SCOM Linux agent longer working after upgrade to 2019

Jasper Van Damme 111 Reputation points
2020-09-21T11:09:24.18+00:00

Hi everyone,

A while ago we migrated our test environment of SCOM 1807 to SCOM 2019. We did this by migrating the database from SQL 2014 to 2016 as well as setting up 2 new management servers on a supported OS (2016 server).
We decommissioned the old SQL server and 2 management servers.

However, since the upgrade our linux agent data collection no longer seems to be working.

Here are the steps that we have taken to migrate the linux monitoring:

  • Cross signed the certificates with the tool to the new management servers
  • Added the new management servers in the linux resource pool
  • Made sure all linux run as profiles were migrated to the linux pool.
  • Removed the old management servers from the pool
  • Used kevin holman's registry keys to optimize for large environments. (only 11 linux agents active at the moment)
  • Installed UR2 and the Linux management packs that come with it.

After the upgrade I have noticed that:

  • Windows agents are working
  • Network monitoring is working
  • No errors or warnings on either management server with the exception of the occassional SNMP error (due to ports that no longer exist)
  • Linux performance data is no longer collected
  • Monitoring of linux machines in general no longer seem to work
  • The verbose logs of the modules on the management servers don't tell me anything.
  • I can access the linux servers from the management servers with Putty, with the user that is defined in the runas profiles (account is the same for privileged/action account in test)
  • TCP 1270 is open from the management servers as well

I can also no longer install any new linux agent, even when I uninstall the agent manually beforehand (rpm command).
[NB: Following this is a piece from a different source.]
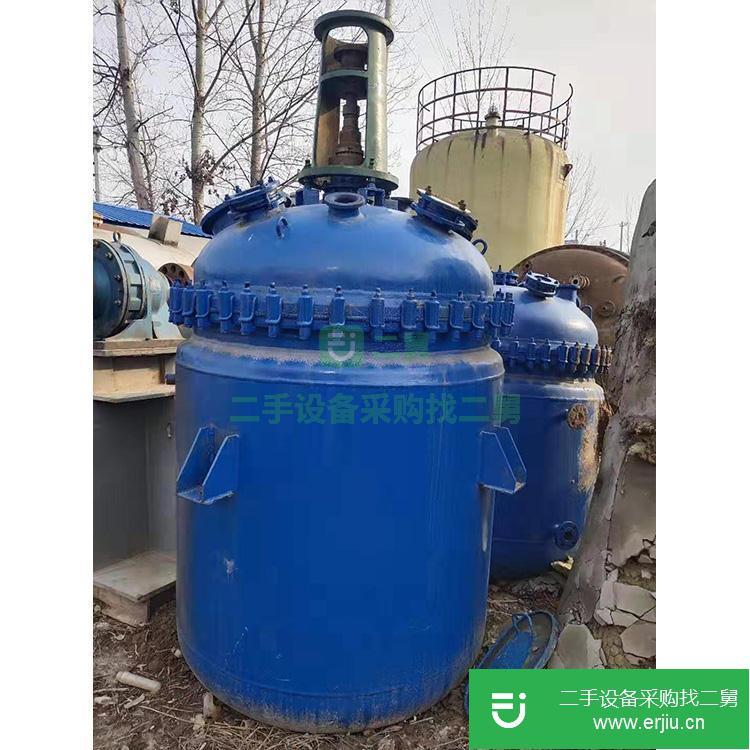 山東出售二手不銹鋼反應釜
Windows agent install fine.

I have been working with SCOM for several years but am sort of at a loss here. We will now be making adjustments to the sudo rules for SCOM 2019, but I don't believe this will make much of a difference since this is only really needed for the elevated commands, which are not needed for performance collection for example.
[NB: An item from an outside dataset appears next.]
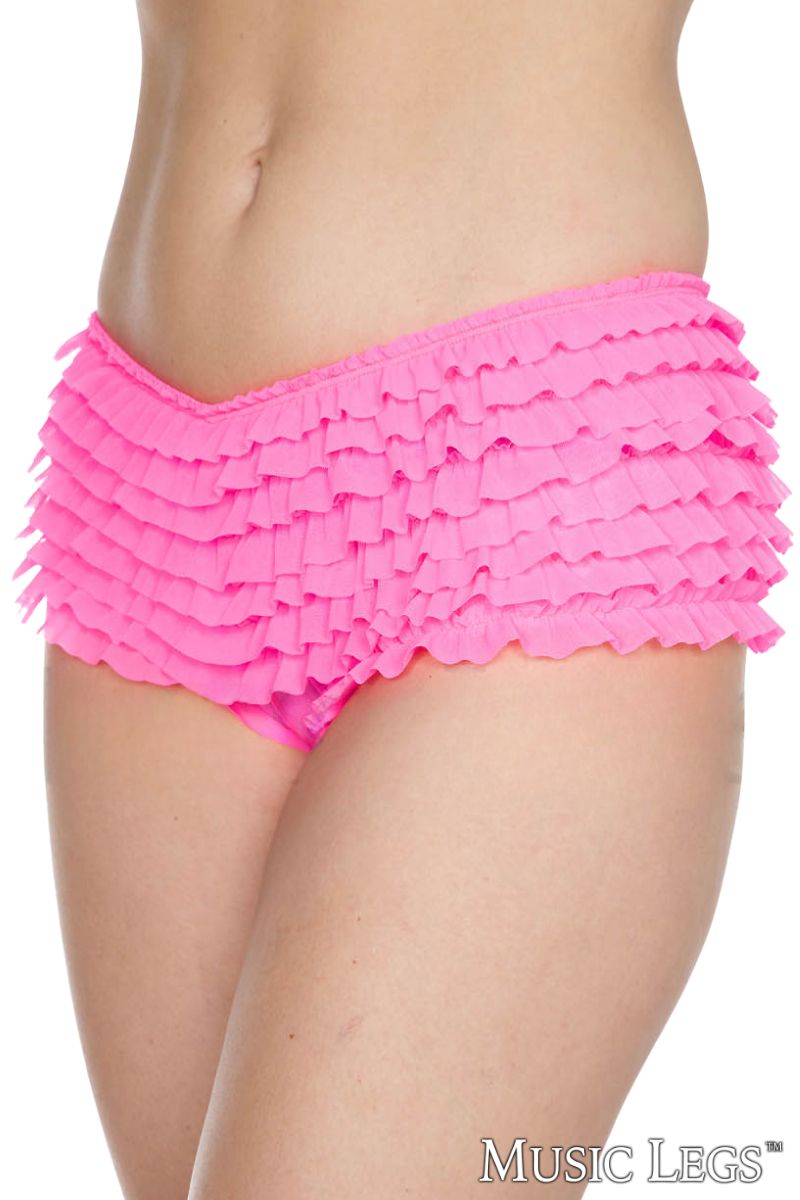 Ruffle Shorts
Clearing the cache on the management servers and restarting the services also has no effect on the monitoring.

Any ideas?

Br,
Jasper

Operations Manager
Operations Manager
A family of System Center products that provide infrastructure monitoring, help ensure the predictable performance and availability of vital applications, and offer comprehensive monitoring for datacenters and cloud, both private and public.
1,408 questions
0 comments No comments
{count} votes

Accepted answer
  1. Jasper Van Damme 111 Reputation points
    2020-09-24T12:36:37.01+00:00

    Hello Stoyan,

    As shown in my previous post, i managed to resolve the issue. It was due to the proxy server. Because the Linux agent uses a webservice to communicate, we had to properly configure the exclusions on the management servers for communication to work.

    And to answer your question, yes rebooting, flushing the cache on the management server was all done, it was all due to the proxy.
    It seems that SCOM 2019 (or any version) has no way of determining if a proxy server is preventing communication with the agent, which I find to be a major oversight in the default linux heartbeat monitoring.

    br,
    Jasper


4 additional answers

Sort by: Most helpful
  1. SChalakov 10,261 Reputation points MVP
    2020-09-21T11:28:17.387+00:00

    Hi Jasper,

    Let me first say that adjusting the permissions is very important mainly because you cannot install new Linux agents if your permissions are incorrect or incomplete. This being said I think you are on the right track with this step.
    When you added your new Management Servers, did you also install all the certificates from the other ressource pool members? X-plat certificates? This is also a critical step.
    Can you please also check the certificates of your managed systems:

    Troubleshooting monitoring of UNIX and Linux computers

    Please go through this one also and ensure your certificates are configured properly:

    Troubleshoot UNIX/Linux agent discovery in Operations Manager

    If they aren't, you will have to uninstall the agent and install it again or manually sign and copy the certificate over.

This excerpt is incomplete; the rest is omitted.